> _Directions for this task_
The answer should hold only the lines from the one containing "206 Prairie Ridge Lane, Montgomery, TX 77356" through the one containing "AMEOS NOEL CAT.2" in the entries below, copied exactly, without pictures.

> _Dataset_

Segment Open

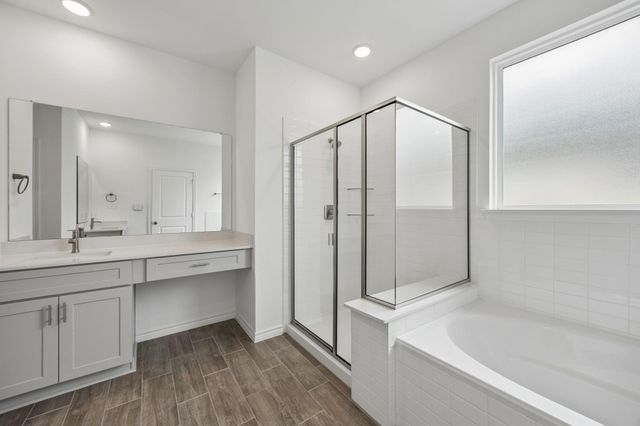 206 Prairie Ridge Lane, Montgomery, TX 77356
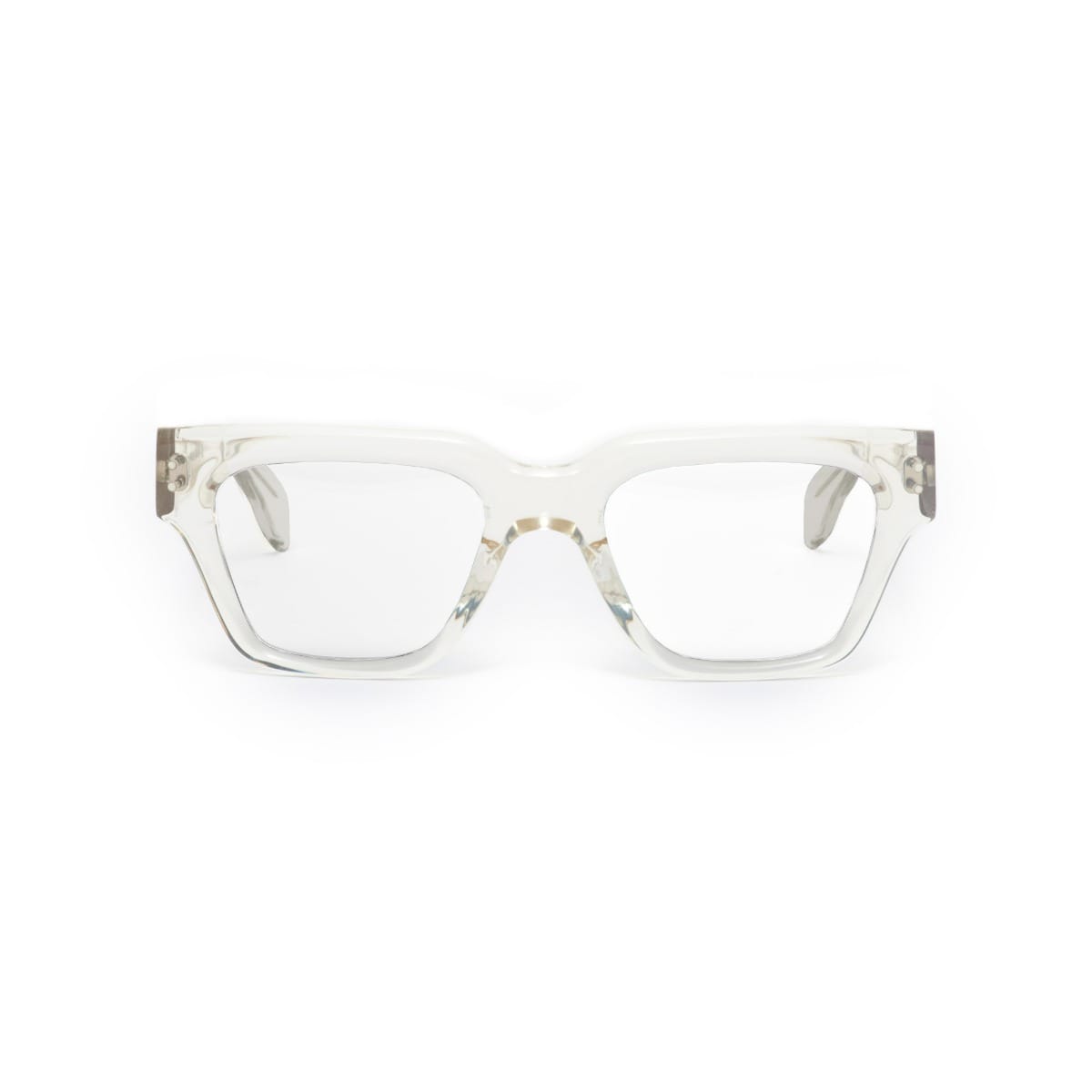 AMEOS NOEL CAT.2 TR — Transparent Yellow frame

Segment Closed
Segment Open

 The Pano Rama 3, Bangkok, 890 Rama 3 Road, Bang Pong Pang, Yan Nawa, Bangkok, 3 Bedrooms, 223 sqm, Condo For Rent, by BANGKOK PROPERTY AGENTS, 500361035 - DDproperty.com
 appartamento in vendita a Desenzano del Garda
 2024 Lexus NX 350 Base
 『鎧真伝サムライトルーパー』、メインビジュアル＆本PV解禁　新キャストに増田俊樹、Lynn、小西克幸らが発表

Segment Closed

> _Output of the task_
 206 Prairie Ridge Lane, Montgomery, TX 77356
 AMEOS NOEL CAT.2 TR — Transparent Yellow frame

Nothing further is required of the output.